Work order:
The pictures in the listing below are to be skipped, while the lines between the line holding "The family's descendants" and the line holding "The Nova carries", inclusive, are to be output exactly.

Dataset content:
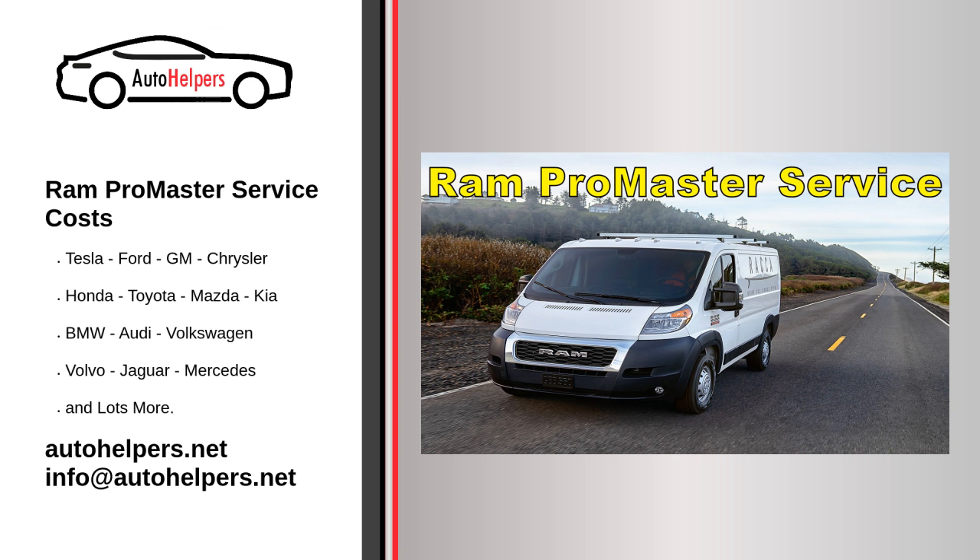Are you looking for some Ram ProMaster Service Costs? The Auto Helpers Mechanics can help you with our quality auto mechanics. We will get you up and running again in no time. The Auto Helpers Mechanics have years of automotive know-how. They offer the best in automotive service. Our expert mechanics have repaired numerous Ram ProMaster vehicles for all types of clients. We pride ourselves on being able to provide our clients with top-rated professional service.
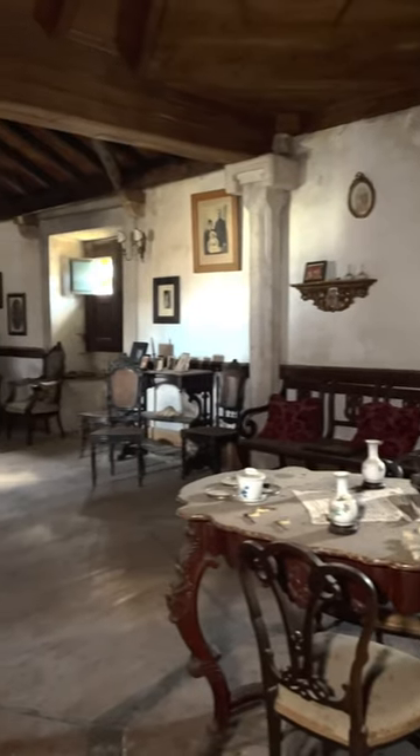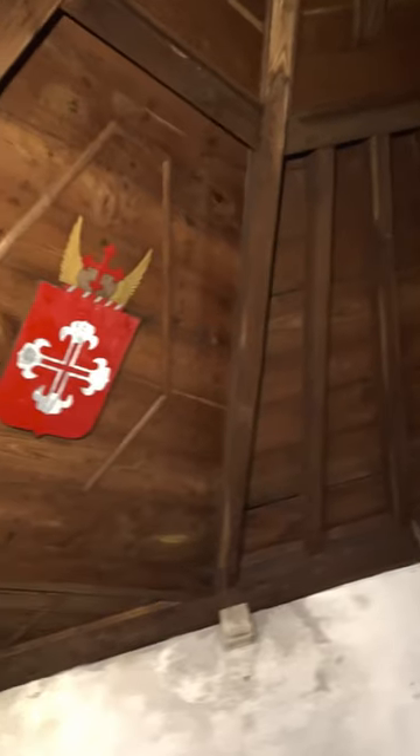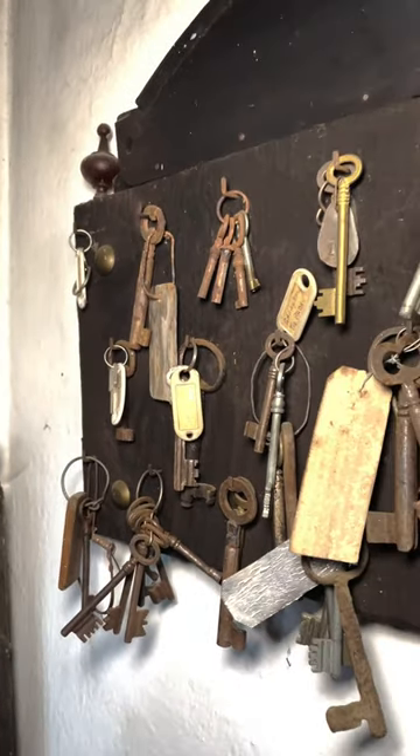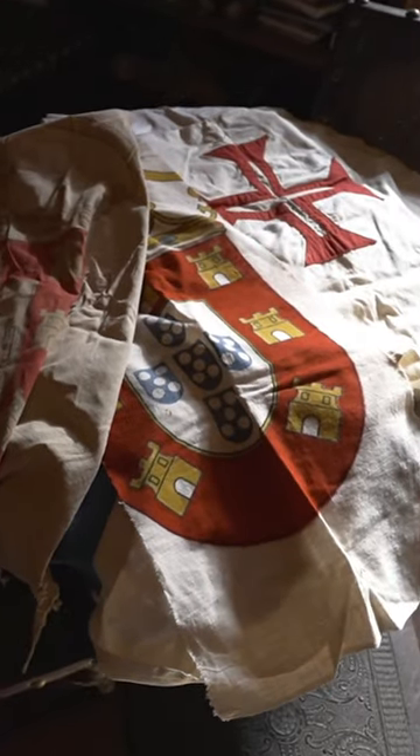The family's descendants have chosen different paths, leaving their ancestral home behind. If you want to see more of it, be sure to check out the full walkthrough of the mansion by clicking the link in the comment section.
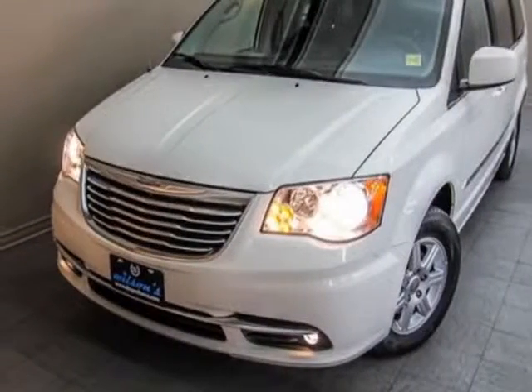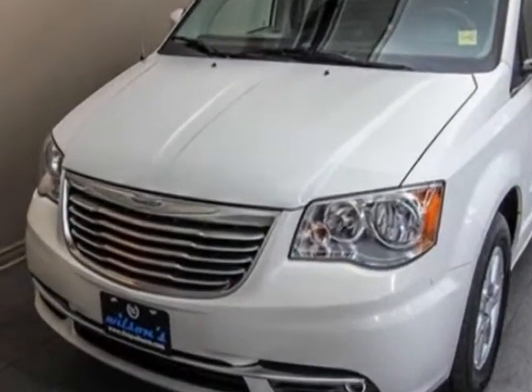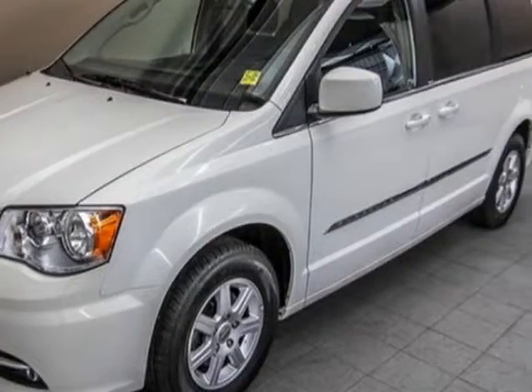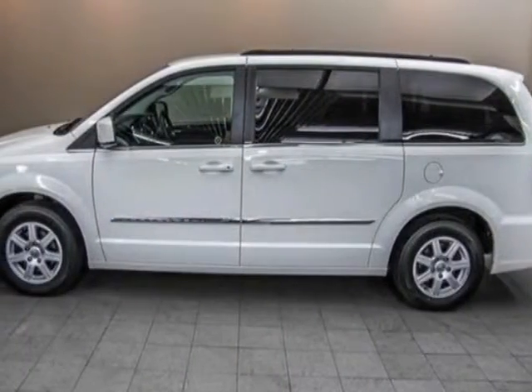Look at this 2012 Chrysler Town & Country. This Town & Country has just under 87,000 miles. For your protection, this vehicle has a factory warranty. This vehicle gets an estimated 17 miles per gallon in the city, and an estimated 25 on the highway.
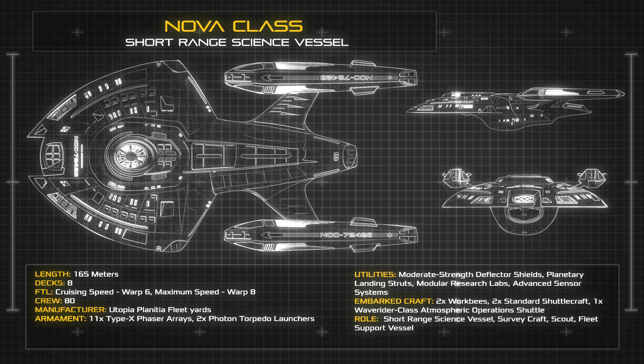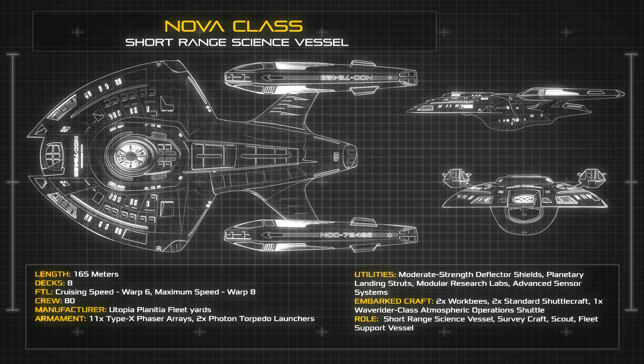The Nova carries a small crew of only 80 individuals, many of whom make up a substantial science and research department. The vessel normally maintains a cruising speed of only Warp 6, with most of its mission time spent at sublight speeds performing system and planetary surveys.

---

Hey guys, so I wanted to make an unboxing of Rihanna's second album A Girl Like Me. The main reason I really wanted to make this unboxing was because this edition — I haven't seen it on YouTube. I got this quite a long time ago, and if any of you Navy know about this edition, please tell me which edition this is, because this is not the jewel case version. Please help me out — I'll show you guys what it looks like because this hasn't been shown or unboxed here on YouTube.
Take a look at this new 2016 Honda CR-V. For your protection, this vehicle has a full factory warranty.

Written answer:
The family's descendants have chosen different paths, leaving their ancestral home behind. If you want to see more of it, be sure to check out the full walkthrough of the mansion by clicking the link in the comment section.
Look at this 2012 Chrysler Town & Country. This Town & Country has just under 87,000 miles. For your protection, this vehicle has a factory warranty. This vehicle gets an estimated 17 miles per gallon in the city, and an estimated 25 on the highway.
The Nova carries a small crew of only 80 individuals, many of whom make up a substantial science and research department. The vessel normally maintains a cruising speed of only Warp 6, with most of its mission time spent at sublight speeds performing system and planetary surveys.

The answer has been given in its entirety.